In countries such as France, Germany and Italy, invasion of privacy is a criminal offence. "Most MPs are too terrified of Murdoch and Dacre and the mass media to pass voluntarily any legislation which might hamper the activities of the press – especially the tabloids," Mosley says. "The only way of getting the law changed – which I think almost all politicians want, though they'd never say so publicly – would be to get a judgement in Strasbourg, which they would have to follow. Then they could claim they had no choice."

Life in the fast lane

1940 Born just weeks before the internment of his parents, Oswald Mosley, leader of the British Union of Fascists, and Diana Mitford of the famous Mitford family. They were detained for three years during the Second World War because of their political activities.

1951 Aged 11, Max moved to France with his family, then to Germany for schooling. Later attended Millfield boarding school in England. Read physics at Christ Church, Oxford. Was secretary of the Oxford Union.

1960 Married Jean Marjorie Taylor.

1961 Served in the Parachute Regiment of the Territorial Army.

1964 Called to the Bar after a five-year stint as a lawyer in London.

1968 Took part in his first Formula Two race at Hockenheim, Germany, where he finished 10th out of 18 cars in the first heat. It was the same race in which former world champion Jim Clark was killed.

1969 Retired from driving, used his legal skills to help set up racing car manufacturer March Engineering.
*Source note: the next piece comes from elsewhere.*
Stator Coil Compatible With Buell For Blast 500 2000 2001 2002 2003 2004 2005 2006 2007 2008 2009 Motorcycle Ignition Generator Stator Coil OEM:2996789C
Represented March at the Grand Prix Constructors' Association.

1970, 1972 Sons Alexander James and Patrick Max were born.

1974 Created the Formula One Constructors Association (Foca) along with Bernie Ecclestone and others to represent the commercial interests of racing teams.

1982 Left Foca to work for the Conservative Party in the hope of becoming a potential parliamentary candidate; later said a political career was impossible because of his name.

1991 Became president of the Fédération Internationale du Sport Automobile (Fisa), the sporting arm of Formula One's regulatory body.

1993 Began his first of four four-year terms as president of the FIA, playing an important role in ensuring high standards in car safety assessment.

2008 Filmed by 'News of the World' taking part in an alleged "Nazi orgy". Wins court case for breach of privacy and receives damages of £60,000.